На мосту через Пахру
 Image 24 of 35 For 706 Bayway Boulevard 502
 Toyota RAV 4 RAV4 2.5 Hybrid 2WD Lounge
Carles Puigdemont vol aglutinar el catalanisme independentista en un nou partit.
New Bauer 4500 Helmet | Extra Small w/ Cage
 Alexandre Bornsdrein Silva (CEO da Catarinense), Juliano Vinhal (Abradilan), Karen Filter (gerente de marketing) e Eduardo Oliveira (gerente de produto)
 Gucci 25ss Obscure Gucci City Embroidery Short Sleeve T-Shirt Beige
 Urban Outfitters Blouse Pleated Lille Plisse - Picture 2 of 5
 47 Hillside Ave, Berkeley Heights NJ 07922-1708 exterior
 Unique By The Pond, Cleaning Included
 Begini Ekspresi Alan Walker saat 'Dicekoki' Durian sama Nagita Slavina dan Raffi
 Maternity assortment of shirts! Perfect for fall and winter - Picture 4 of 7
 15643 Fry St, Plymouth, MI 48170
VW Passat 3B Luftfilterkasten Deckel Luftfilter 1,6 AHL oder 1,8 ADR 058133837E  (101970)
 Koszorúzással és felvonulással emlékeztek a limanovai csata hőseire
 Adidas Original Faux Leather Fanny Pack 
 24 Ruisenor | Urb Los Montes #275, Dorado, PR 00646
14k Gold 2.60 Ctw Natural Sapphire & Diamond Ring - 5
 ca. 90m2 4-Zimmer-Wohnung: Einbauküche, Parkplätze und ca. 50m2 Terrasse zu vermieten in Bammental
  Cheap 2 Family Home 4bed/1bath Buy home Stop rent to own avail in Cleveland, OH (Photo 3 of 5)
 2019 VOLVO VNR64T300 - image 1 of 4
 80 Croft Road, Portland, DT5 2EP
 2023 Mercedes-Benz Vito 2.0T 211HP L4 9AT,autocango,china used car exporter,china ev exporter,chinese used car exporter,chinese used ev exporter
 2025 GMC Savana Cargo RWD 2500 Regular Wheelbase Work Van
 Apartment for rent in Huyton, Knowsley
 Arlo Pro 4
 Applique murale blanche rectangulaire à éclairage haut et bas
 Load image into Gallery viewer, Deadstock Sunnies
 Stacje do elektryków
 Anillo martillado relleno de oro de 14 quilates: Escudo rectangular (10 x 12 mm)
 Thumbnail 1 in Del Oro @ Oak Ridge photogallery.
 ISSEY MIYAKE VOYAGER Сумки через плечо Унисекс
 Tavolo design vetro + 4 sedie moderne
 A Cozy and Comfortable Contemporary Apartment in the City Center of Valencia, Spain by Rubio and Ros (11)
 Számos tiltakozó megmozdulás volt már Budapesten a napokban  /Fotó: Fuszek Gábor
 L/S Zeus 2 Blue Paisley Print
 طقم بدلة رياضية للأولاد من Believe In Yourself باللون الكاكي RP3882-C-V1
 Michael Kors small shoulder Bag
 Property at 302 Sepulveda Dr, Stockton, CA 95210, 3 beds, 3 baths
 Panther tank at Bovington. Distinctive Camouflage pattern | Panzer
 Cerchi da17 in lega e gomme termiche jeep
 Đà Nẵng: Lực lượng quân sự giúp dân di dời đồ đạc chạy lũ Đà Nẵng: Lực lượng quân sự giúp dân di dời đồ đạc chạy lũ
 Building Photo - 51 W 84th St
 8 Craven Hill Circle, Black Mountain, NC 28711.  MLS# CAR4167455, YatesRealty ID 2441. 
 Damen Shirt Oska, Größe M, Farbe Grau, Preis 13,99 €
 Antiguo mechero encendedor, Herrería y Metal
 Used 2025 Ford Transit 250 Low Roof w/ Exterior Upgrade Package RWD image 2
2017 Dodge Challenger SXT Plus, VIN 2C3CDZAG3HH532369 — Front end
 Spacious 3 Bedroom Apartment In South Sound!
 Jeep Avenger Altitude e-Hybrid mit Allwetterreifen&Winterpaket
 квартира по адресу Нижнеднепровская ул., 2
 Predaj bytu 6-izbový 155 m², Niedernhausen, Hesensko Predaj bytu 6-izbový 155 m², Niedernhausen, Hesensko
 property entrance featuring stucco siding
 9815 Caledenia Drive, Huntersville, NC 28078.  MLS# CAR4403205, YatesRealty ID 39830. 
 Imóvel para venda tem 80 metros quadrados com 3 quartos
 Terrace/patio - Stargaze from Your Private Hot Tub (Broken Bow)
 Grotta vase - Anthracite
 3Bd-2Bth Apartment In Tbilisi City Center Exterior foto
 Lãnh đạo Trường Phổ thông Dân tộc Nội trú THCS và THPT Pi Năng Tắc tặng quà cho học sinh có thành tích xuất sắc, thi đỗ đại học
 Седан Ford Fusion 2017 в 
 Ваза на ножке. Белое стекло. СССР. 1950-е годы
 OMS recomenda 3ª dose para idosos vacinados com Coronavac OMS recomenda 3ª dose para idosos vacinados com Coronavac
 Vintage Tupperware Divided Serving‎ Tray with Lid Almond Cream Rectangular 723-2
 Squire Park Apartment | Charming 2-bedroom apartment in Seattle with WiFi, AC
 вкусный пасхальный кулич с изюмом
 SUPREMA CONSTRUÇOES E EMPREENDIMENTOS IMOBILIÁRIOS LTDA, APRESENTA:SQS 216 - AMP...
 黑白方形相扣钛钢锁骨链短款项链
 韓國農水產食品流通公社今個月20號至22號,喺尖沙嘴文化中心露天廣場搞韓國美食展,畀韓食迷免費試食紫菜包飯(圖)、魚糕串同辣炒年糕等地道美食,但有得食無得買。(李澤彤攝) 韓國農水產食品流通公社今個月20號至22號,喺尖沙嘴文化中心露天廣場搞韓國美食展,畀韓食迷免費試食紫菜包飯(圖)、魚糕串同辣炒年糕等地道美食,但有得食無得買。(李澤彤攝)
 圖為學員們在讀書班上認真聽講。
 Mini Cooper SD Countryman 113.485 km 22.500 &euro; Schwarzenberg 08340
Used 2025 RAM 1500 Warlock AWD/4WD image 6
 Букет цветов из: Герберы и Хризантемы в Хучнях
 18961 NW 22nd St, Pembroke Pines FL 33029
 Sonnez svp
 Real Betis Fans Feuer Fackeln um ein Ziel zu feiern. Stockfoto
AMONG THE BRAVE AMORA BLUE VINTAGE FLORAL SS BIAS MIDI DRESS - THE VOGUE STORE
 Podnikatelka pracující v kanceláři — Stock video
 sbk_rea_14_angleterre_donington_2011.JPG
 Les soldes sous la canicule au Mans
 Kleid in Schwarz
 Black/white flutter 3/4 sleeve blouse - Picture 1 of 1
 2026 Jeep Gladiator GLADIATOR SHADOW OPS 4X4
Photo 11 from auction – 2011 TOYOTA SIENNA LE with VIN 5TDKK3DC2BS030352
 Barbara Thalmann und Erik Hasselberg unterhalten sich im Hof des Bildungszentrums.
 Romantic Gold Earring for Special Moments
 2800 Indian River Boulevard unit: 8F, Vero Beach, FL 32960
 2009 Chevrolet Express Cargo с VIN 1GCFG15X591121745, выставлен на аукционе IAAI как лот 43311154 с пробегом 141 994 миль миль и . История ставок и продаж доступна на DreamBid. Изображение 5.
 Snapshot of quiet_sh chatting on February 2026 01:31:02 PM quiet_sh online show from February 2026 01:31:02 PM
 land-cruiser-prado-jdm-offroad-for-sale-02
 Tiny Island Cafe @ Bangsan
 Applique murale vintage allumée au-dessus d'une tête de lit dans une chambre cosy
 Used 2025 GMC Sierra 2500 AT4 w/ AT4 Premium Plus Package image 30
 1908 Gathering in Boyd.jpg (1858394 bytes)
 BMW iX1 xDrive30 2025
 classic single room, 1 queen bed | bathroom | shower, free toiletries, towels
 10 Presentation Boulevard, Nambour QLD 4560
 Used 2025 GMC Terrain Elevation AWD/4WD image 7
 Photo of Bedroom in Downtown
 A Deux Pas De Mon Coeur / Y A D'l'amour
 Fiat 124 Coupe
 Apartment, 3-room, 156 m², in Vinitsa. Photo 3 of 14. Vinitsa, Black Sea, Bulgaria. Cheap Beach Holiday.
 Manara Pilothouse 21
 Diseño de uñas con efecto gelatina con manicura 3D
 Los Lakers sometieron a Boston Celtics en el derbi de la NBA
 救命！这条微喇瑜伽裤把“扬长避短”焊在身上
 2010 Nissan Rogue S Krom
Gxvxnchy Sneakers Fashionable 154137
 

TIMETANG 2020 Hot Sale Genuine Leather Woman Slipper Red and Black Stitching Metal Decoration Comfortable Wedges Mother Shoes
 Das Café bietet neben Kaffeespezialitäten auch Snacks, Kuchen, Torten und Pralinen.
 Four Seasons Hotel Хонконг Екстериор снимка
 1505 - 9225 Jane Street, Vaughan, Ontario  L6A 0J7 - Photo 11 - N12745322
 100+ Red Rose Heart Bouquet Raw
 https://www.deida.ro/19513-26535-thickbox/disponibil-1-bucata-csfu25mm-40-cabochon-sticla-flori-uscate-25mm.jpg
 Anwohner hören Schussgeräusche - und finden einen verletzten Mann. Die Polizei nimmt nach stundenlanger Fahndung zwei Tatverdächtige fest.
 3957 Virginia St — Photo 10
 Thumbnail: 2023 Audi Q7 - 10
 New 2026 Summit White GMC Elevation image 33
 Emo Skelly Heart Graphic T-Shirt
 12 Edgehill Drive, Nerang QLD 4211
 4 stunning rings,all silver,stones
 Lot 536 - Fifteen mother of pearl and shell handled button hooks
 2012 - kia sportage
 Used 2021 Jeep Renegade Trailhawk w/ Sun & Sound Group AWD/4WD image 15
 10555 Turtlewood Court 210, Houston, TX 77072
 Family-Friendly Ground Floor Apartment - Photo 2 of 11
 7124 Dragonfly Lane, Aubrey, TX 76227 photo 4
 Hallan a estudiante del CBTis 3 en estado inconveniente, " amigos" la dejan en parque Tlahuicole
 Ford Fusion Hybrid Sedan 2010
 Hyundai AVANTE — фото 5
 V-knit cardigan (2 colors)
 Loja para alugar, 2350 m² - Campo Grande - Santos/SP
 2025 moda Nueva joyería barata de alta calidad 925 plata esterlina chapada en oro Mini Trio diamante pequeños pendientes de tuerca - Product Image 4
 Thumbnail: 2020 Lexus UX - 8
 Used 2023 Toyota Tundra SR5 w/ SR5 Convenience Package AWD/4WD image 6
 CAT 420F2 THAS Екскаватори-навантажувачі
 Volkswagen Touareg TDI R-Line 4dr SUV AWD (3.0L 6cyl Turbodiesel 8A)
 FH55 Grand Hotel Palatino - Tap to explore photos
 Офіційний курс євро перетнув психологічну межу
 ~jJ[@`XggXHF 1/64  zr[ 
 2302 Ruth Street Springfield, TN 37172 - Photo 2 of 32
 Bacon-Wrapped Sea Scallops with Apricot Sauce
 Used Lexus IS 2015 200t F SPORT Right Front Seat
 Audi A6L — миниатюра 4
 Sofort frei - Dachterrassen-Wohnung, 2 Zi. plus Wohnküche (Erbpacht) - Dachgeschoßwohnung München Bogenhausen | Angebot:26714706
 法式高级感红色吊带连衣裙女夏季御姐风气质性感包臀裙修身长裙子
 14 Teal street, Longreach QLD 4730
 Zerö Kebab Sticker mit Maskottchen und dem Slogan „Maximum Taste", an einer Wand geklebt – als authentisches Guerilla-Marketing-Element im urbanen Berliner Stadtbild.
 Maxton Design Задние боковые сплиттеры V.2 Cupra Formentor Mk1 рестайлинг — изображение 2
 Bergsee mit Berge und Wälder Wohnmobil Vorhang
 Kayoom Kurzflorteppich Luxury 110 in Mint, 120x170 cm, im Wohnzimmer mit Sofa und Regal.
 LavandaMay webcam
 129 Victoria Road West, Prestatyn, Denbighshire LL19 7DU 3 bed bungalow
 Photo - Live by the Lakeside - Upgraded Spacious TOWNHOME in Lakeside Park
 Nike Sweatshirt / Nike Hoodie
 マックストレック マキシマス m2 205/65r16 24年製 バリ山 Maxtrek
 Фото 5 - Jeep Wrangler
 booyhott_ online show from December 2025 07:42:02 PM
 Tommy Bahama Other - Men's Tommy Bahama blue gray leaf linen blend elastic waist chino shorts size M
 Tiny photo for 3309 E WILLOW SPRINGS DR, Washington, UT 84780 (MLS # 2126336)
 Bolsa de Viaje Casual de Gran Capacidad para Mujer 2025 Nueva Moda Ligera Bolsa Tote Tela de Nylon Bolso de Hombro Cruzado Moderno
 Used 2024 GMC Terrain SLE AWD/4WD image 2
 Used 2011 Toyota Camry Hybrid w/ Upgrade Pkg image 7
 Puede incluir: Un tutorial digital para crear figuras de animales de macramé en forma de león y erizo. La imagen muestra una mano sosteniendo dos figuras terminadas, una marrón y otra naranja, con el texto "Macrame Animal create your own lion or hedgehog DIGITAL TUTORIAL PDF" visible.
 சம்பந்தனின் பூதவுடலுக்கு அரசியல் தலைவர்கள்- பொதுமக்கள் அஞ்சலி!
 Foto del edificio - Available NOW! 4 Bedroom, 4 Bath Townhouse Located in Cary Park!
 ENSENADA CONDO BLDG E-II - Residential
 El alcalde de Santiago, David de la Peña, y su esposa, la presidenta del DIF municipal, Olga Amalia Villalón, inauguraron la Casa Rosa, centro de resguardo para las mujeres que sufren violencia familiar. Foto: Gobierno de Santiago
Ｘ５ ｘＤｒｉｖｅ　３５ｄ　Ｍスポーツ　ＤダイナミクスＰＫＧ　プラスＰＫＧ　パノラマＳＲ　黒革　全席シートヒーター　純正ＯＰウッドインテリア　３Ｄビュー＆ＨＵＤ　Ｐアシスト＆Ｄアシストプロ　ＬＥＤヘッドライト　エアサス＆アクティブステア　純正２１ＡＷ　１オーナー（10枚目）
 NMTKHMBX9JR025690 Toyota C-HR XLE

### [Work required]
Taking the entries above, write out exactly each line from the one holding "Used 2025 GMC Sierra" to the one holding "Thumbnail: 2023 Audi Q7 - 10", both included, and stop there.

### [Answer to this exercise]
 Used 2025 GMC Sierra 2500 AT4 w/ AT4 Premium Plus Package image 30
 1908 Gathering in Boyd.jpg (1858394 bytes)
 BMW iX1 xDrive30 2025
 classic single room, 1 queen bed | bathroom | shower, free toiletries, towels
 10 Presentation Boulevard, Nambour QLD 4560
 Used 2025 GMC Terrain Elevation AWD/4WD image 7
 Photo of Bedroom in Downtown
 A Deux Pas De Mon Coeur / Y A D'l'amour
 Fiat 124 Coupe
 Apartment, 3-room, 156 m², in Vinitsa. Photo 3 of 14. Vinitsa, Black Sea, Bulgaria. Cheap Beach Holiday.
 Manara Pilothouse 21
 Diseño de uñas con efecto gelatina con manicura 3D
 Los Lakers sometieron a Boston Celtics en el derbi de la NBA
 救命！这条微喇瑜伽裤把“扬长避短”焊在身上
 2010 Nissan Rogue S Krom
Gxvxnchy Sneakers Fashionable 154137
 

TIMETANG 2020 Hot Sale Genuine Leather Woman Slipper Red and Black Stitching Metal Decoration Comfortable Wedges Mother Shoes
 Das Café bietet neben Kaffeespezialitäten auch Snacks, Kuchen, Torten und Pralinen.
 Four Seasons Hotel Хонконг Екстериор снимка
 1505 - 9225 Jane Street, Vaughan, Ontario  L6A 0J7 - Photo 11 - N12745322
 100+ Red Rose Heart Bouquet Raw
 https://www.deida.ro/19513-26535-thickbox/disponibil-1-bucata-csfu25mm-40-cabochon-sticla-flori-uscate-25mm.jpg
 Anwohner hören Schussgeräusche - und finden einen verletzten Mann. Die Polizei nimmt nach stundenlanger Fahndung zwei Tatverdächtige fest.
 3957 Virginia St — Photo 10
 Thumbnail: 2023 Audi Q7 - 10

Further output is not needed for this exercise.